第54章 为什么要推开我,你又开始害怕我了吗

作者:什洛娘
  他纹丝不动,反而被我的反抗激起更强烈的反应,那只探入我衣摆的手骤然收紧,指尖深深掐入我腰侧的皮肉,带来尖锐的痛感。

  “别推我……” 他含糊地嘶声,滚烫的嘴唇离开我的脖颈,转而寻到我的耳垂,惩罚似的用牙齿不轻不重地咬了一下,激得我浑身一颤,“不许推我…你是我的…我的……”

  他的另一只手也从我腰间松开,猛地向上,一把扣住了我的后脑,手指插进我的发丝,用力固定住我的头,让我无法再闪避。

  “看着我!” 他强迫我抬起眼与他对视。

  他的眼睛在昏暗光线下红得吓人,“为什么要推开我? 你又开始害怕我了吗?”

  他的拇指用力摩挲着我的脸颊,力道大得几乎要擦破皮肤,身体紧紧将我压在门板上,坚硬的门把手硌着我的后背,传来阵阵钝痛。

  “方阳,你清醒一点!” 我试图用现实唤醒他,声音发颤。

  我的话音未落,他滚烫的唇再次压了下来。

  推搡、扭动……所有的挣扎在他的力量优势面前都徒劳无功,他喉咙里发出不满的闷哼,突然松开了我的唇,却在我得以喘息的瞬间,猛地弯腰,将我整个人拦腰抱了起来!

  天旋地转。

  我惊叫一声,双手本能地攀住他的肩膀。

  他抱着我,踉跄着朝几步之外的床走去。

  浓烈的酒气和一种更危险的气息完全笼罩了我。

  我被重重地抛在了柔软的床铺上,虽然不疼,但晕眩感更甚。
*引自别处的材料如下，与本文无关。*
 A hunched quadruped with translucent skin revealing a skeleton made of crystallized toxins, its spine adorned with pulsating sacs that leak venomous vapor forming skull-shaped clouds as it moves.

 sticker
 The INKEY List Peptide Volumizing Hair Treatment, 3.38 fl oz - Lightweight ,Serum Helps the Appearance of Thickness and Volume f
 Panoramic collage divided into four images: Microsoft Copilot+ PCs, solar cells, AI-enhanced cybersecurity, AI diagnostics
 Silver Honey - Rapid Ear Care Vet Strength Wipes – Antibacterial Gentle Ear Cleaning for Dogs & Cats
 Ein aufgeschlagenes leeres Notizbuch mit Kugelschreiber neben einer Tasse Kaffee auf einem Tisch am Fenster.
还未来得及起身,他沉重的身躯已经紧跟着覆压下来,再次将我牢牢困住。

  “不要……” 我徒劳地用手抵住他再次压下来的胸膛,声音里终于带上了明显的恐惧和绝望,“方阳!你看看这是哪里!你醒醒!”

  他充耳不闻,那双赤红的眼睛只死死锁着我, “你是我的。”

  他声音嘶哑,滚烫的吻再次落下,比刚才更加狂暴,从额头到眼睛,再到鼻尖、嘴唇、下巴……一路向下,留下湿热的痕迹。

  他的手胡乱地撕扯着我的衣物,我的眼泪终于控制不住地涌了出来,就在我以为今晚将不可避免地变成更糟糕的境地时,覆在我身上的重量猛地一沉。

  他所有的动作,戛然而止。

  方才还失控的人,此刻头颅重重地垂落,砸在我的颈窝边。滚烫的呼吸变得沉重而缓慢,喷在我的皮肤上,带着未散的酒气。

  他竟然……睡着了?

  看来还是喝得太多了。

  我僵了好一会儿,直到确认压在身上的人确实失去了意识,才敢用力将他从我身上推开。
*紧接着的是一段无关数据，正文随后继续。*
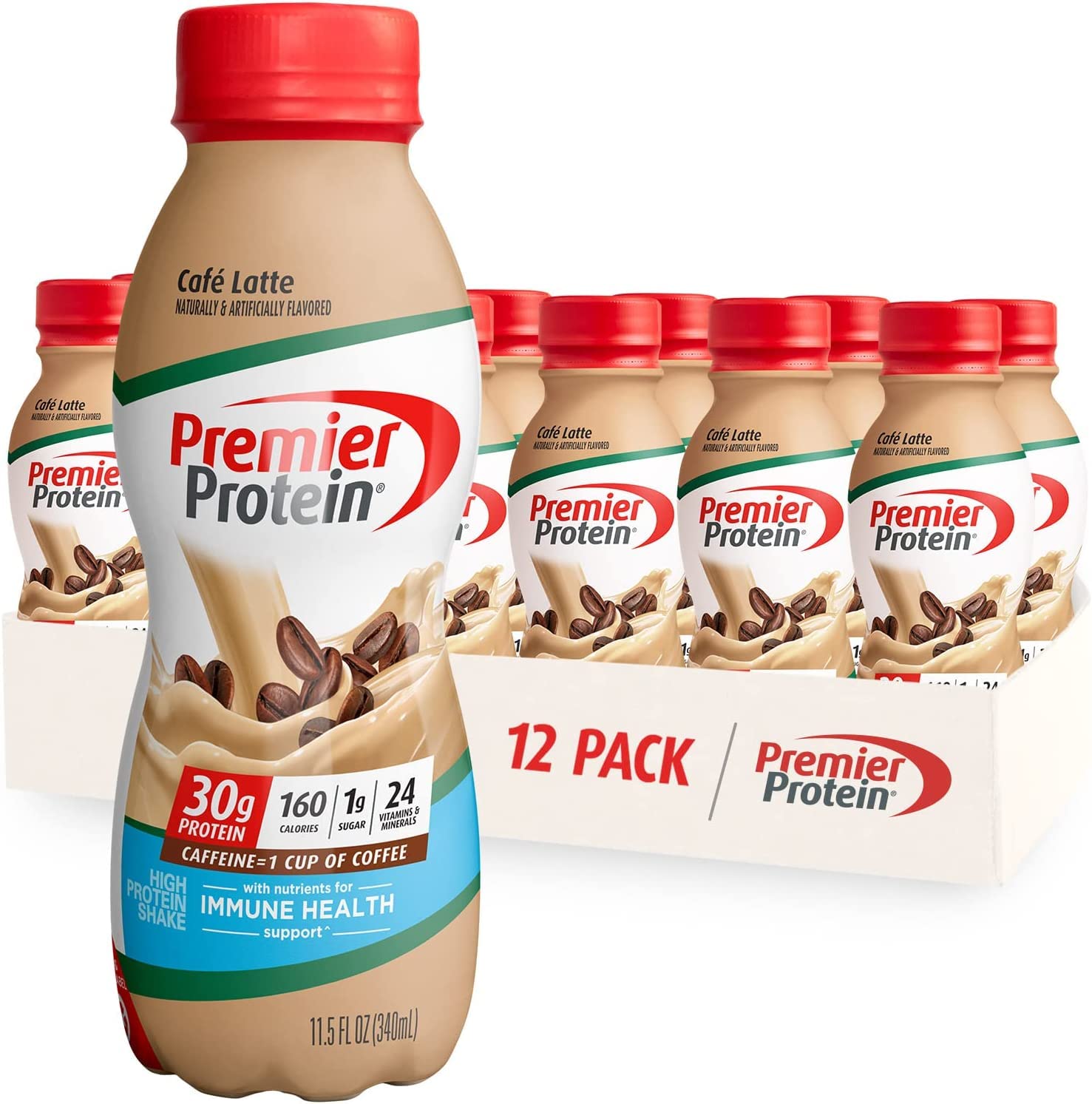 Premier Protein Shake Bundle - Cookie Dough & Café Latte Flavors, 30g High Protein, 11.5 Fl Oz (12 Pack) | Post-Workout Recovery, Meal Replacement & On-The-Go Nutrition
  他毫无反抗地侧倒在一旁,眉头依旧微蹙,但神色已全然放松,甚至带着一丝醉酒后的稚气。脸颊上的潮红未退,额角渗出细密的汗珠。

  我撑着发软的身体坐起来,后背被门把手硌过的地方隐隐作痛,手腕和腰侧被他掐过的地方也传来清晰的刺痛。

  衣物凌乱,领口被他扯得有些变形。

  我抬手,将自己的衣服整理好,又俯身,费力地将他的手臂从袖子里一点点抽出来。

  羽绒服滑脱,露出里面单薄的羊绒衫。他的身体很热,像个小火炉。

  接着是鞋子。解开鞋带,脱下,整齐地摆在床边。

  然后,我拉过床尾叠放整齐的厚被子,抖开,小心地盖在他身上,一直拉到下巴。

  他无意识地蹭了蹭柔软的被子,发出一声模糊的呓语,侧过身,将自己更深地蜷缩进被窝里,只露出半张泛红的脸和凌乱的黑发。
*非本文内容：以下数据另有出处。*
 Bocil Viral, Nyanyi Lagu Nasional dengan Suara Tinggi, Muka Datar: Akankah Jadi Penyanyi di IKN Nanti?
  我觉得自己已经无药可救了,竟然还像照顾小孩一样照顾他。

  做完这一切,疲惫感才迟钝地席卷上来,混合着未散的恐惧和后怕,让我几乎站立不稳,我撑着床沿,慢慢滑坐到冰凉的地板上。

  房间里只剩下他均匀的呼吸声,还有我自己擂鼓般的心跳。

  脖颈、耳垂、腰侧……被他碰触过的地方都在隐隐发烫、刺痛,我弟过来,打开了房门,明亮的光线倾斜进来,他问:

  “姐,你怎么还不出来吃饭啊。”

  就在这时,床上传来一声含糊的、带着浓重睡意的咕哝,方阳并没有醒,只是无意识地在枕头上蹭了蹭,眉头蹙得更紧了些,用一种极轻的、带着孩子气的依赖:

  “别走... ...”

  我垂下眼眸,不让我弟看见我哭过的眼睛: “方阳喝醉了,我在这里待一会儿,你们先吃。”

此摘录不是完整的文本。